IRVING R. KAUFMAN, Chief Judge:

It is, as Justice Cardozo stated long ago, a “fundamental and unquestioned” principle of our jurisprudence that “no one shall be permitted to . take advantage of his own wrong.” R. H. Stearns Co. v. United States, 291 U.S. 54, 61-62, 54 S.Ct. 325, 328, 78 L.Ed. 647, 653 (1934). We are called upon to decide whether this venerable maxim should be invoked against the United States, to bar the deportation of a young and naive alien whose inadvertent violation of one sub-section of the Immigration & Nationality Act 1 was occasioned by the affirmative misconduct of American consular officers who failed to impart crucial information to her.

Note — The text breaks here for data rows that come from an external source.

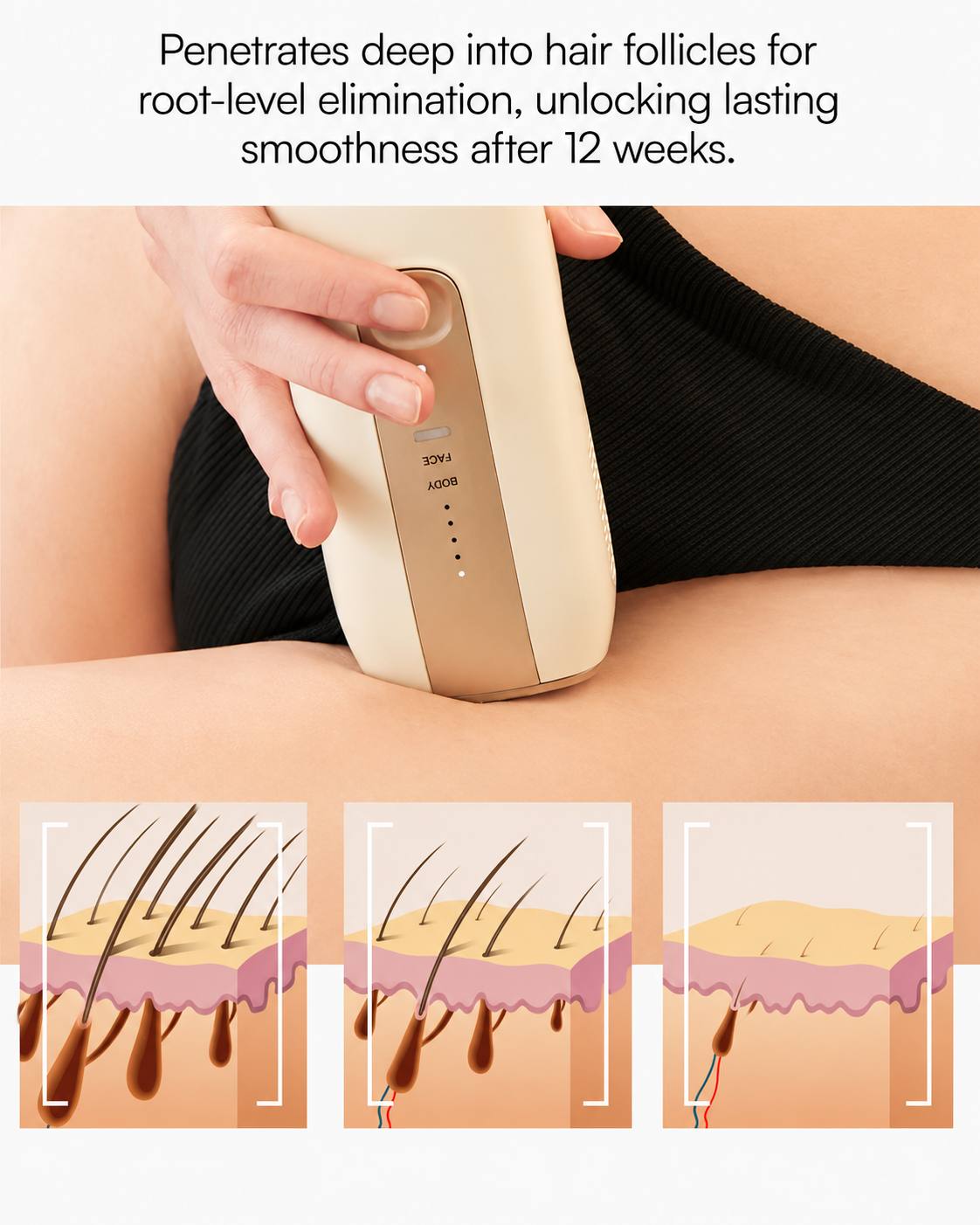 Selora Silk™ IPL Hair Removal Device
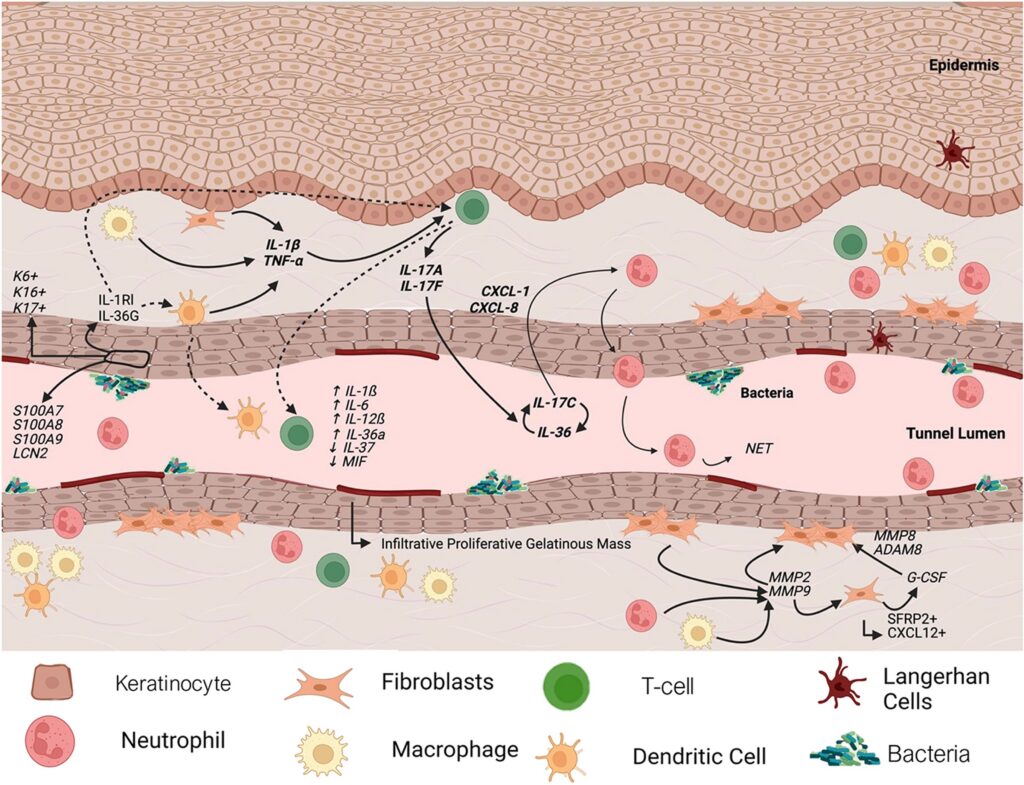 New insights in how tunnels work in hidradenitis suppurativa. fig1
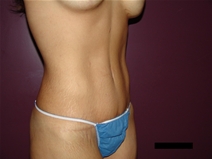 Tummy Tuck After Photo by Moneer Jaibaji, MD; Coronado, CA - Case 21270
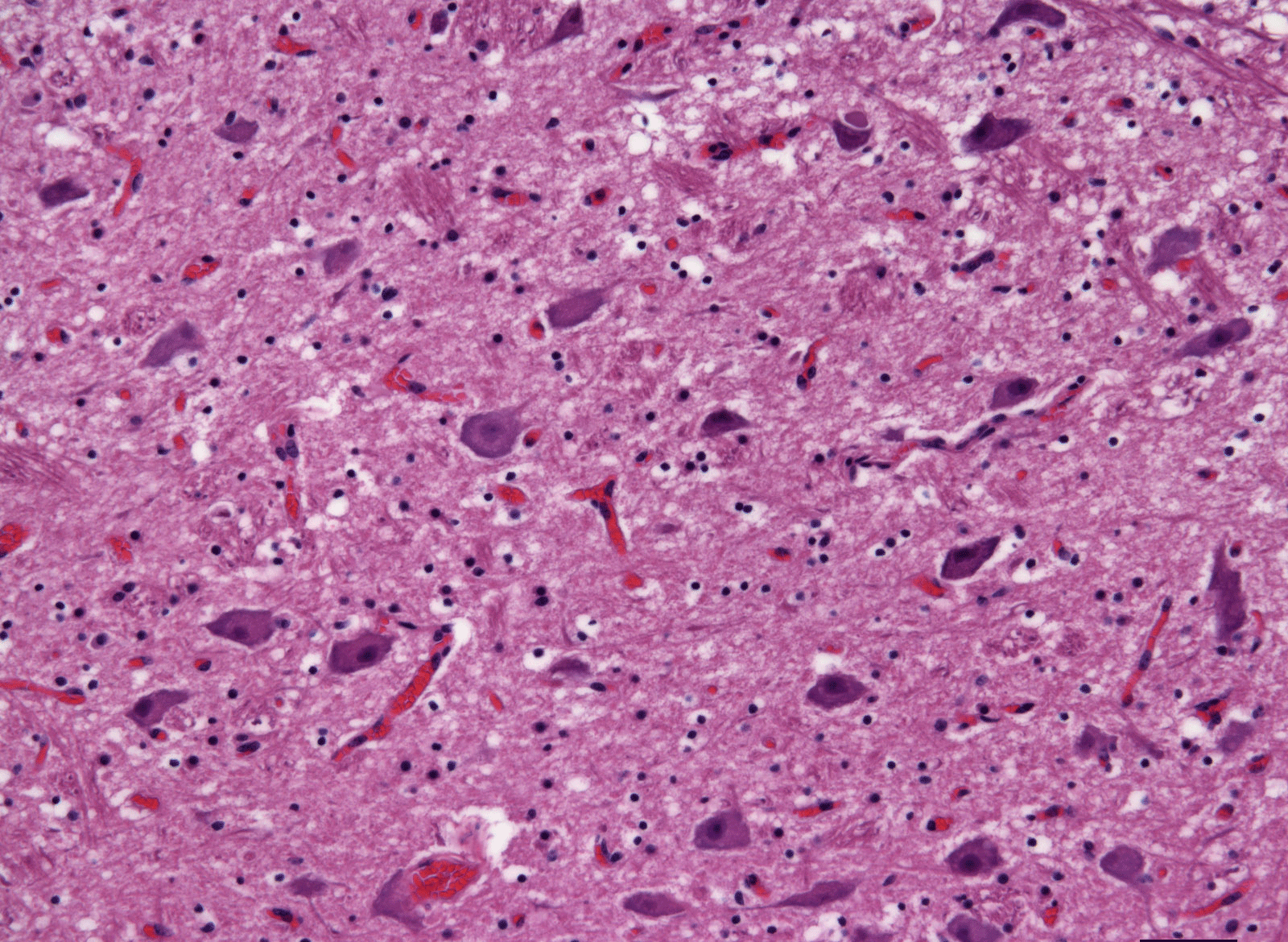 slide of cow brain - healthy cow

Specifically, Juana Corniel-Rodriguez claims that, when she received an immigrant visa in 1967 as the unmarried child of a United States resident, the American consul in Santo Domingo failed to warn her— as mandated by official State Department regulations — that her visa would automatically become invalid if she married before arriving in this country. Because she wed her childhood sweetheart, Evelio Rafael Marmolejo, three days before her departure from the Dominican Republic, 2 the Immigration & Naturalization Service (INS) now demands her deportation.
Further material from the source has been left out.